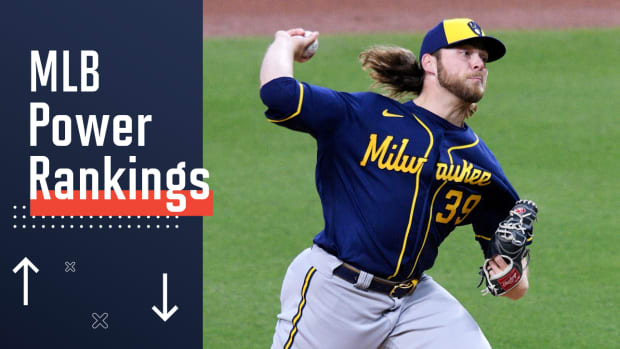 Brewers pitcher Corbin Burnes on the field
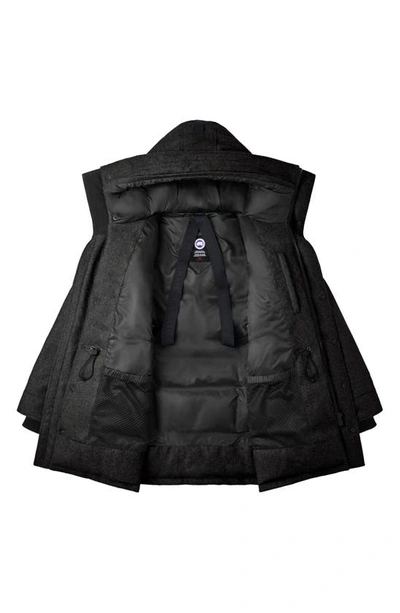 Shop Canada Goose Langford Windproof 625-fill Power Wool Blend Parka In Carbon Melange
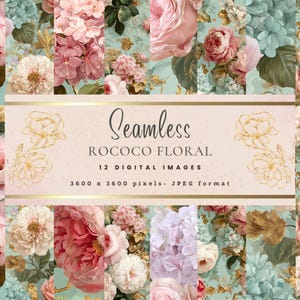 Rococo Floral Digital Paper: Seamless Printable Scrapbook Designs (12x12, 300 dpi JPGs)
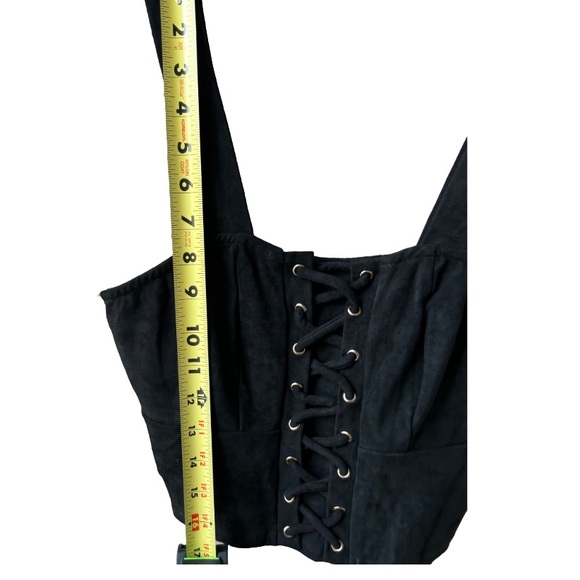 Bebe Faux Suede Lace-Up Top Jet Black XS - Picture 3 of 10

WORK REQUEST: Exact copy, no pictures: please print the data above once more.

ANSWER AREA:
 Brewers pitcher Corbin Burnes on the field
 Shop Canada Goose Langford Windproof 625-fill Power Wool Blend Parka In Carbon Melange
 Rococo Floral Digital Paper: Seamless Printable Scrapbook Designs (12x12, 300 dpi JPGs)
 Bebe Faux Suede Lace-Up Top Jet Black XS - Picture 3 of 10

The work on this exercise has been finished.